Given: Three non-collinear points P, Q and R. 

To prove: A circle passes through these three points P, Q and R, and such circle is one and only one.

Construction: Join PQ and QR. Their perpendicular bisectors AL and BM intersect at O. 

Join OP, OQ and OR. 

Proof: ∵ Point O is at the perpendicular bisector of chord PQ. 

∴ OP = OQ …(i) 

Similarly O is at the perpendicular bisector of chord QR 

=> OQ = OR …(ii) 

From Eqn. (i) & (ii) 

OP = OQ = OR = r (Let) 

Now taking O as a centre and r radius if we draw a circle it will pass through all three points P, Q and R, i.e., P, Q and R exist on the circumference of the circle. 

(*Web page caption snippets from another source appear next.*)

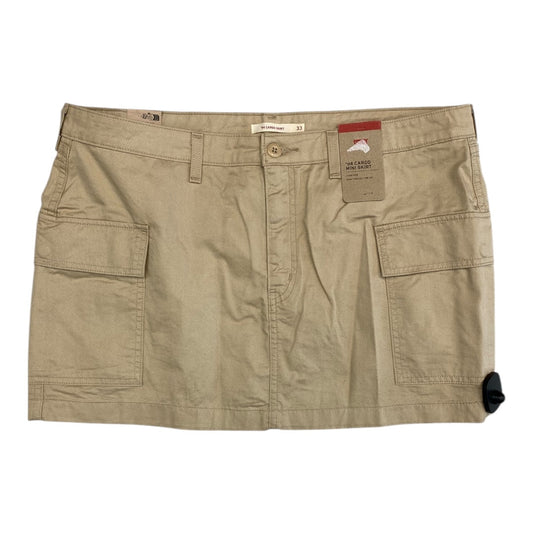 Skirt Mini & Short By Levis In Cream, Size:16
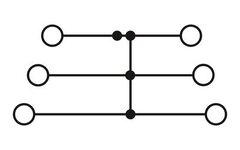 DIKD 1,5-PV-Клеммный модуль для подключения датчиков и исполнительных элементов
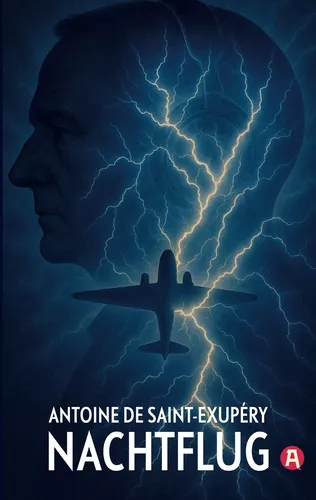 Nachtflug. Roman. Antoine de Saint-Exupéry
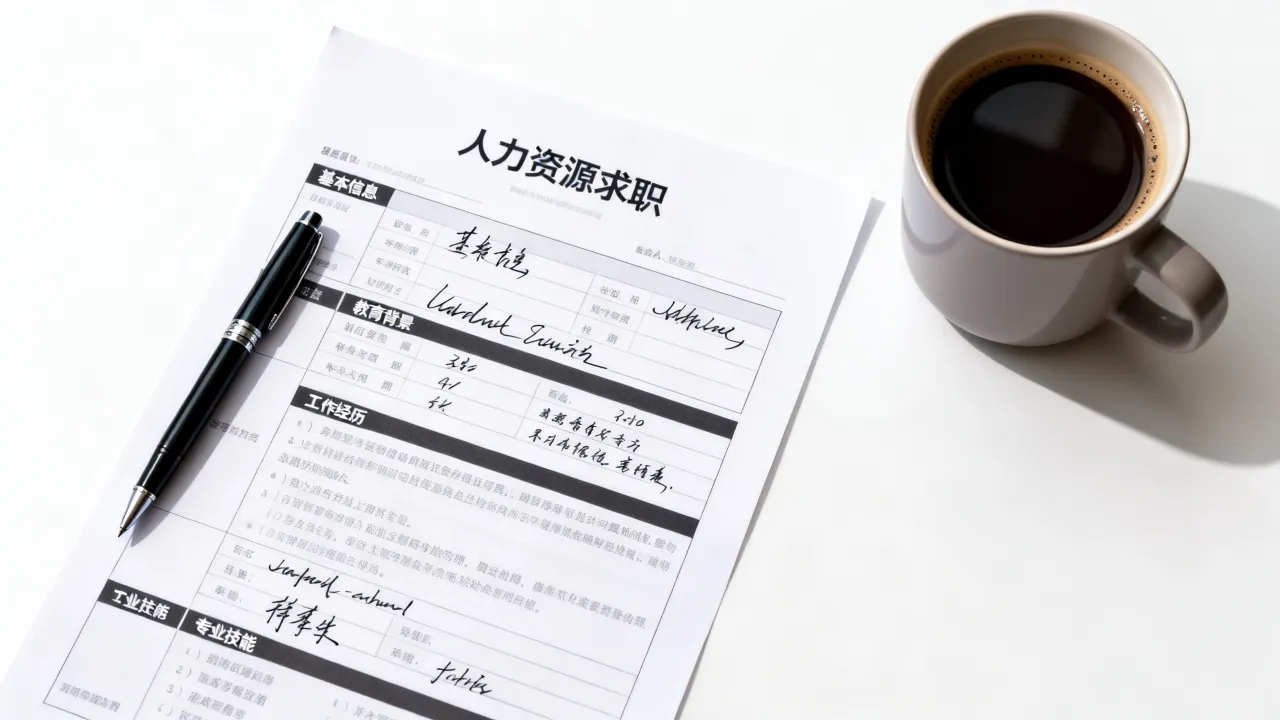 应聘人资的简历怎么写,人力资源求职简历的写作技巧有哪些?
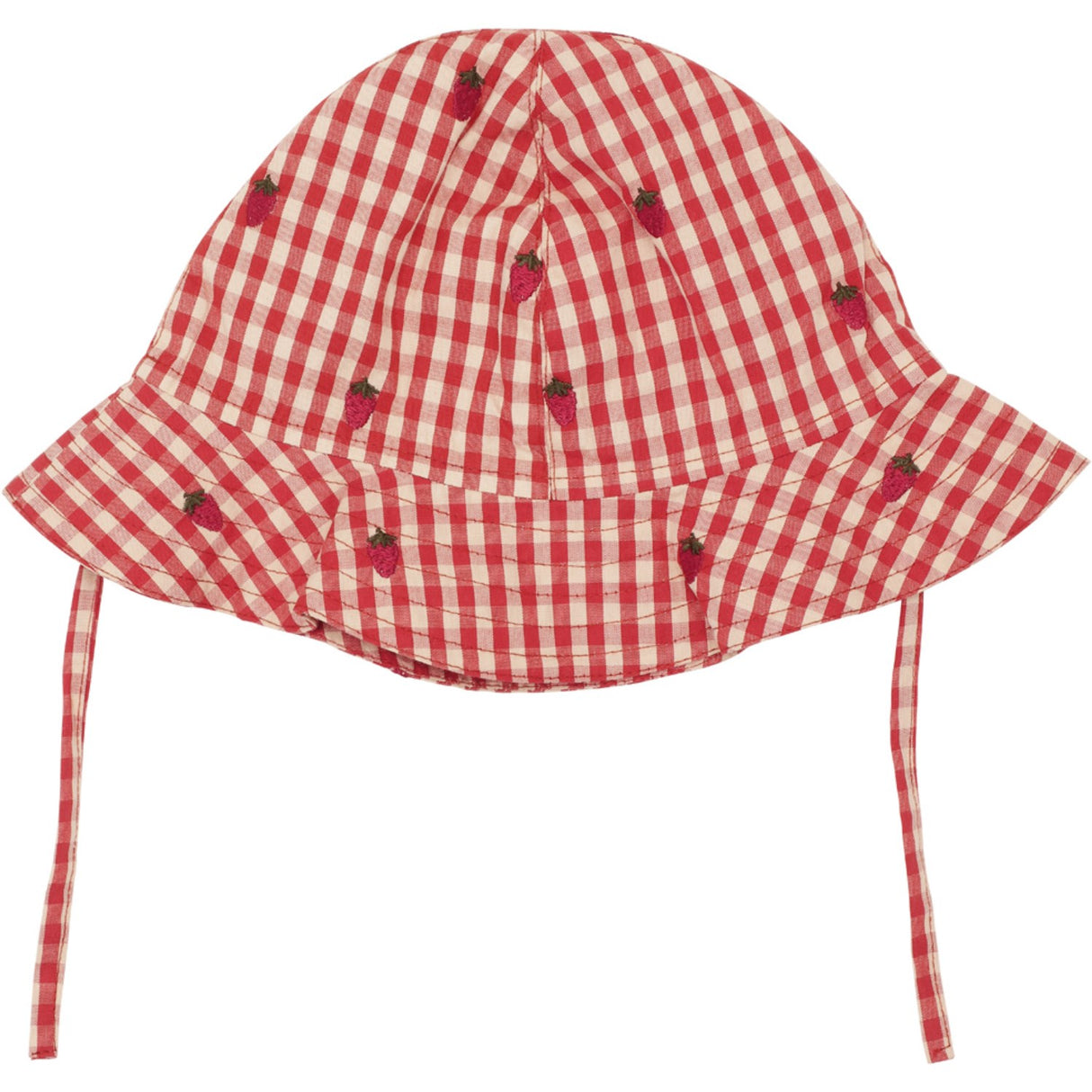 Flöss Berry Gingham Molly Sunhat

Now let another circle be (O’, s) which pass through points P, Q and R and perpendicular bisectors of PQ and QR i.e., AL and BM passes through the centre O’. 

But the intersection point of AL and BM is O. i.e. 

O’ and O coincide each other or O and O’ are the same point 

∴ OP = r and OP’ = s and O and O’ are coincide => r = s. 

=> C (O, r) = C (O’, s) 

=> There is one and only one circle through which three non-collinear points P, Q and R pass. 

=> There is one and only one circle passing through three given non-collinear points.